Bodas de oro
La historia de los pueblos no es la que se cuenta si no la suma de las historias de las personas.
La de Antonio y Chona, no soy quién para contarla, pero sí quisiera escribir que tienen una casa extraordinaria en la que, entre el maravilloso jardín y la vista del valle a poniente, donde los montes verdes se vuelven azules y se ve al contraluz a los caballos y a las ovejas pastando, tienen justo al lado, casi como si fuera un museo, cuidada como una rosa, la casa de piedra original, tan bonita que aún siendo más pequeña sigue pareciendo más grande, por esa reciedumbre que crece con los años en algunas casas, cuyos cimientos se diría que han echado raíces sobre el terreno como un árbol.
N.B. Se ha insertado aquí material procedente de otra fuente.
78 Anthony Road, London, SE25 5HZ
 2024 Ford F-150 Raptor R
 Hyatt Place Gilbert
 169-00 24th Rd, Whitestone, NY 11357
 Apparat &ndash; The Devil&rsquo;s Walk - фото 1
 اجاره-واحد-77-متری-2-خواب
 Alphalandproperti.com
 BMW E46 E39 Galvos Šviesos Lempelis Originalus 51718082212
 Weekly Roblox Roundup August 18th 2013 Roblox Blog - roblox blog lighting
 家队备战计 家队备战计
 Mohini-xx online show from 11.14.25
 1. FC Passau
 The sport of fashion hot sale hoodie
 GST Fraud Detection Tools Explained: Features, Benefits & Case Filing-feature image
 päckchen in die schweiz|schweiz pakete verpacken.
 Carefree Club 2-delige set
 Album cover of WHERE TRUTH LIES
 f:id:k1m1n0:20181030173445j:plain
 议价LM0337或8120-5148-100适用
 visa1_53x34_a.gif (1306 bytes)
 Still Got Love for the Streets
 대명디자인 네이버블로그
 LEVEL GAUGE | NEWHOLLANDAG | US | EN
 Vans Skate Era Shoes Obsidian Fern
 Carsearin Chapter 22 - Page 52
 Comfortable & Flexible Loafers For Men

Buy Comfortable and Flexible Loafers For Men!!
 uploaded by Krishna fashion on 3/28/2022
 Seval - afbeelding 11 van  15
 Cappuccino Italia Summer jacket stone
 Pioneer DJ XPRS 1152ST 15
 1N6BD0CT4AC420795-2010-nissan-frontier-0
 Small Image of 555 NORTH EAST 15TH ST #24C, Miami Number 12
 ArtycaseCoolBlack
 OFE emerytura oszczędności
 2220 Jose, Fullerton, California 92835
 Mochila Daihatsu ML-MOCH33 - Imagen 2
Siempre me acuerdo de lo que, en una ocasión, me contó Antonio, que de niño empezó recolectando las piñas del monte y que las vendía en sacos por una moneda con uno de esos nombres que tenía el dinero y que nosotros no somos capaces de recodar ni de imaginar el valor que podían tener para un niño esas monedas.
Él las iba guardando, porque Antonio es un gran ahorrador, y a la vez todo generosidad, que es una mezcla curiosa, ya que no hay nadie más espléndido a la hora de invitar: es difícil, por no decir imposible, ir a algún bar donde, si está Antonio, no se haya adelantado a pagar, ya que por encima de todo es amigo de sus amigos, y extraordinariamente generoso.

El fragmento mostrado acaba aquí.